The Catens adeptly presented a series of crossover pieces for women and men—buffalo-check Western jackets, rhinestone-set shirting, lassoed pony knits, DD belt buckles, and kicky beaded pants and jeans—as well as gave each gender room to roam. The menswear featured many fine outerwear and denim combinations plus gussied-up rodeo gear: silk printed Western shirts, rhinestone jackets, and sequined sleeve inserts. The most striking looks intersected long-hemmed, semi-sheer white cotton shirting adapted from the womenswear between the much more conventionally masculine outerwear and pants.

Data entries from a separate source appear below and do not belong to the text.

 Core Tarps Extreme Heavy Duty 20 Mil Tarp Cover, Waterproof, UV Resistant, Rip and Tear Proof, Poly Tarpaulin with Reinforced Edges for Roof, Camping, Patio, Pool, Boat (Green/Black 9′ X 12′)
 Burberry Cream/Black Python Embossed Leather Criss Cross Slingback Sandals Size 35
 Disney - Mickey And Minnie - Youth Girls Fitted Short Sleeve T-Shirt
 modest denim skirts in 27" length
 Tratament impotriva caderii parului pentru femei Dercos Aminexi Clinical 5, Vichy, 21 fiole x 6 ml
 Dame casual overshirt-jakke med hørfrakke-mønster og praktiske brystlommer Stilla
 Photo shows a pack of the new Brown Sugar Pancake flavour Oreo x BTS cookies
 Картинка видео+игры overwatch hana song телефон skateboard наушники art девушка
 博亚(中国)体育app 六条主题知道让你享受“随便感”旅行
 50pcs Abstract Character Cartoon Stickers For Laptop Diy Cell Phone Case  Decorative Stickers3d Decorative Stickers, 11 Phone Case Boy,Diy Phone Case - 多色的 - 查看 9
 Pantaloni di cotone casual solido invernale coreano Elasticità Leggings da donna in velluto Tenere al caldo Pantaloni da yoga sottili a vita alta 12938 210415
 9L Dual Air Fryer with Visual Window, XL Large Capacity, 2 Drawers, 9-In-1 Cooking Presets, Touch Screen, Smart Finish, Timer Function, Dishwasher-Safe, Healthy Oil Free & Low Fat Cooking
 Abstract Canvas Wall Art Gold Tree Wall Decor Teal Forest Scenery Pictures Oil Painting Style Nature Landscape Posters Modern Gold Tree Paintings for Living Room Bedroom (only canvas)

Womenswear featured cowboy boot–detail, strapped, high-heeled sandals; layered beaded shirting over wickedly cut jodhpur combat pants; wide-skirted saloon queen gowns in cotton voile over sequined leggings and bodysuits; and even more broadly skirted gowns in layered patches of printed silk. Westworld meets Go West (and briefly narrated by John Waters’s Babs Johnson) this show was a fun, commercially faultless mosey.